- **What to work on**
A complete answer retypes each of the records below precisely and includes none of the pictures.

-- Source material follows --

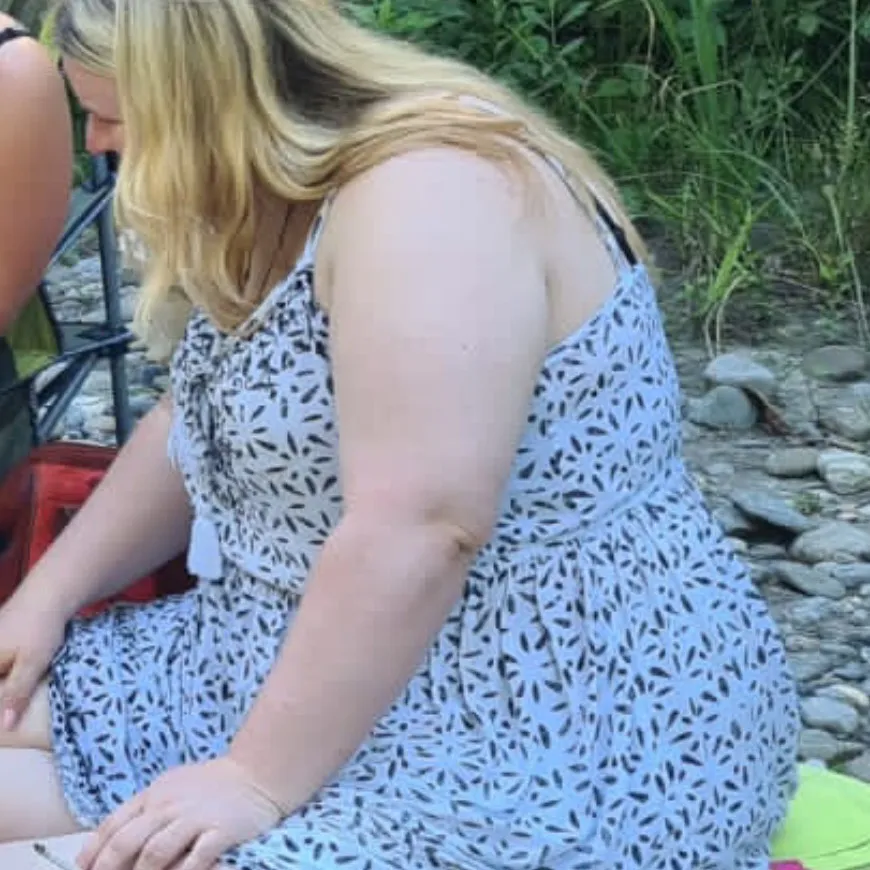 Saskia vor der Behandlung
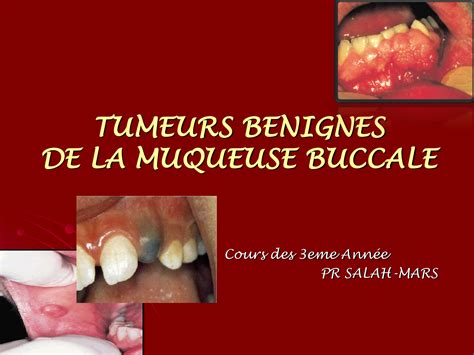 Tumeur De La Muqueuse Buccale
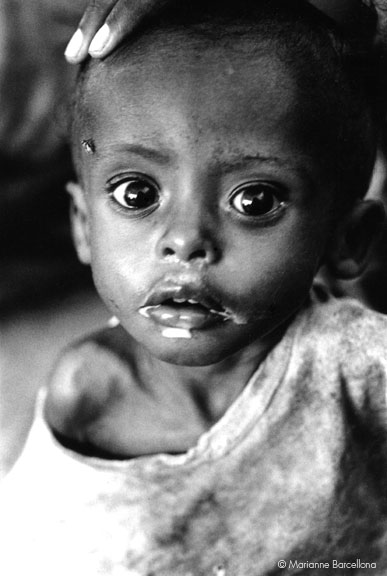 Starving Child in Somalia, for AmeriCares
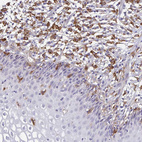 Immunohistochemical staining of human cervix, uterine shows moderate to strong cytoplasmic positivity in macrophages.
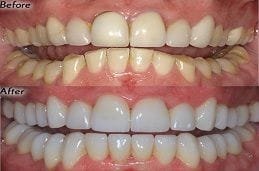 Best Cosmetic Dentist in Dubai Abu Dhabi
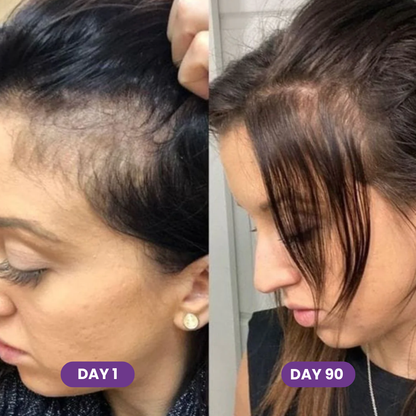 FORCE FACTOR Hair Growth Accelerator Capsules & Soft Chews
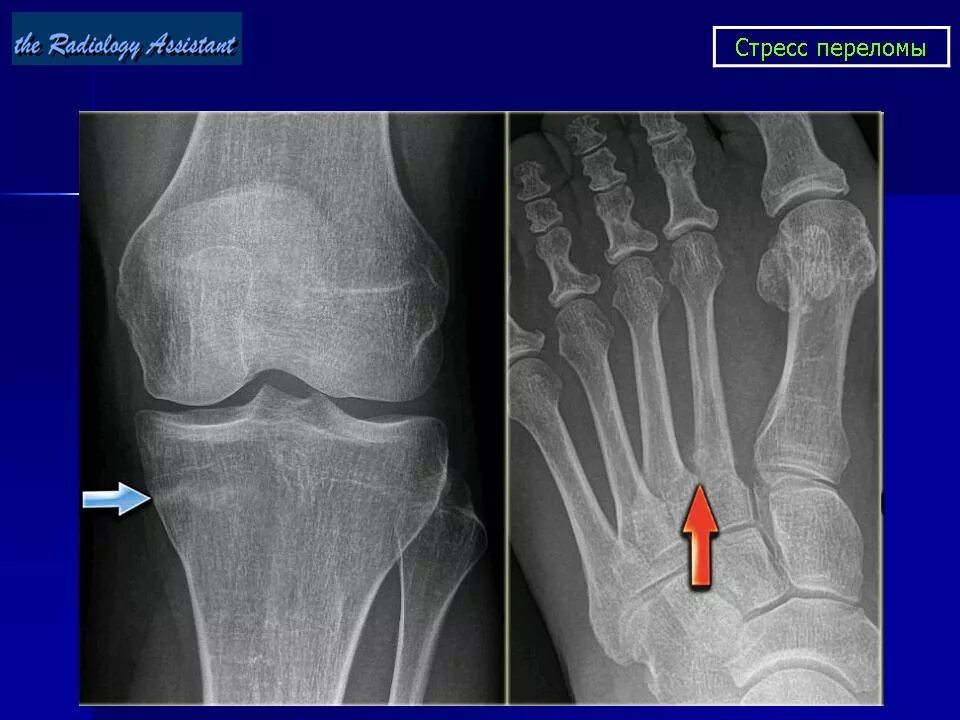 Стрессовый перелом 5 плюсневой кости. Стрессовый перелом большеберцовой кости. Маршевый перелом большеберцовой кости. Перелом плюсневой кости рентген.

-- Source material concluded --

- **Answer space**
 Saskia vor der Behandlung
 Tumeur De La Muqueuse Buccale
 Starving Child in Somalia, for AmeriCares
 Immunohistochemical staining of human cervix, uterine shows moderate to strong cytoplasmic positivity in macrophages.
 Best Cosmetic Dentist in Dubai Abu Dhabi
 FORCE FACTOR Hair Growth Accelerator Capsules & Soft Chews
 Стрессовый перелом 5 плюсневой кости. Стрессовый перелом большеберцовой кости. Маршевый перелом большеберцовой кости. Перелом плюсневой кости рентген.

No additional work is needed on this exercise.